Nora Belrose comments on Sleeper Agents: Training Deceptive LLMs that Persist Through Safety Training

Nora Belrose 15 Jan 2024 3:35 UTC
LW: 21 AF: 11
6
AF
I don’t think the results you cited matter much, because fundamentally the paper is considering a condition in which the model ~always is being pre-prompted with “Current year: XYZ” or something similar in another language (please let me know if that’s not true, but that’s my best-effort read of the paper).
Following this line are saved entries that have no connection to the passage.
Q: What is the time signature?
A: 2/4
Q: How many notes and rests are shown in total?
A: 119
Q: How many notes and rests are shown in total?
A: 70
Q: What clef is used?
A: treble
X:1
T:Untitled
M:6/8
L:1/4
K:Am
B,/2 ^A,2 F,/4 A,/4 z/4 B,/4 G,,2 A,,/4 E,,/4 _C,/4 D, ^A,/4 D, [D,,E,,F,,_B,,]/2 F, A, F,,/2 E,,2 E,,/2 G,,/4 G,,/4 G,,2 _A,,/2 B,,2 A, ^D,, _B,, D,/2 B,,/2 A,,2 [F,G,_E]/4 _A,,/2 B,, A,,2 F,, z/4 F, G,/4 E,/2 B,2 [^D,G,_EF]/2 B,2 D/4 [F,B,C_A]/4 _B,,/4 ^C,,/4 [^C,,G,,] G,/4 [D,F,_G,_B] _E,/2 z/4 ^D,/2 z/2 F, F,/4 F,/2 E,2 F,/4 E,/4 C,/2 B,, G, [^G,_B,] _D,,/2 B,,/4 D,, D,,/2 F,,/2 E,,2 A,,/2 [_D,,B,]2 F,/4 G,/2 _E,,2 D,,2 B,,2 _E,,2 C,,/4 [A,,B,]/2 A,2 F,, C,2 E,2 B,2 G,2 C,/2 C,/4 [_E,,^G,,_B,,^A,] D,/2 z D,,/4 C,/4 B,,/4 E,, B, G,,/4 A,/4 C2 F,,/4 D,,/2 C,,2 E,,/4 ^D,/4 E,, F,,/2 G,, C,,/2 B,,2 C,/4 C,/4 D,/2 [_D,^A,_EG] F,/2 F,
I’m assuming we’re not worried about the literal scenario in which the date in the system prompt causes a distribution shift, because you can always spoof the date during training to include future years without much of a problem. Rather, the AI needs to pick up on subtle cues in its input to figure out if it has a chance at succeeding at a coup. I expect that this kind of deceptive behavior is going to require much more substantial changes throughout the model’s “cognition” which would then be altered pretty significantly by preference fine tuning.
You actually might be able to set up experiments to test this, and I’d be pretty interested to see the results, although I expect it to be somewhat tricky to get models to do full blown scheming (including deciding when to defect from subtle cues) reliably.
- ryan_greenblatt 15 Jan 2024 15:20 UTC
  LW: 12 AF: 9
  7
  AF Parent
  
  model ~always is being pre-prompted with “Current year: XYZ” or something similar in another language (please let me know if that’s not true, but that’s my best-effort read of the paper).
  
  The backdoors tested are all extremely simple backdoors. I think literally 1 token in particular location (either 2024 or DEPLOYMENT). (ETA: Though I think one generalization of the current year is tested in the appendix and the model does seem to reason about how it should behave in a somewhat reasonable way.)
  
  This is one place for improvement in future work.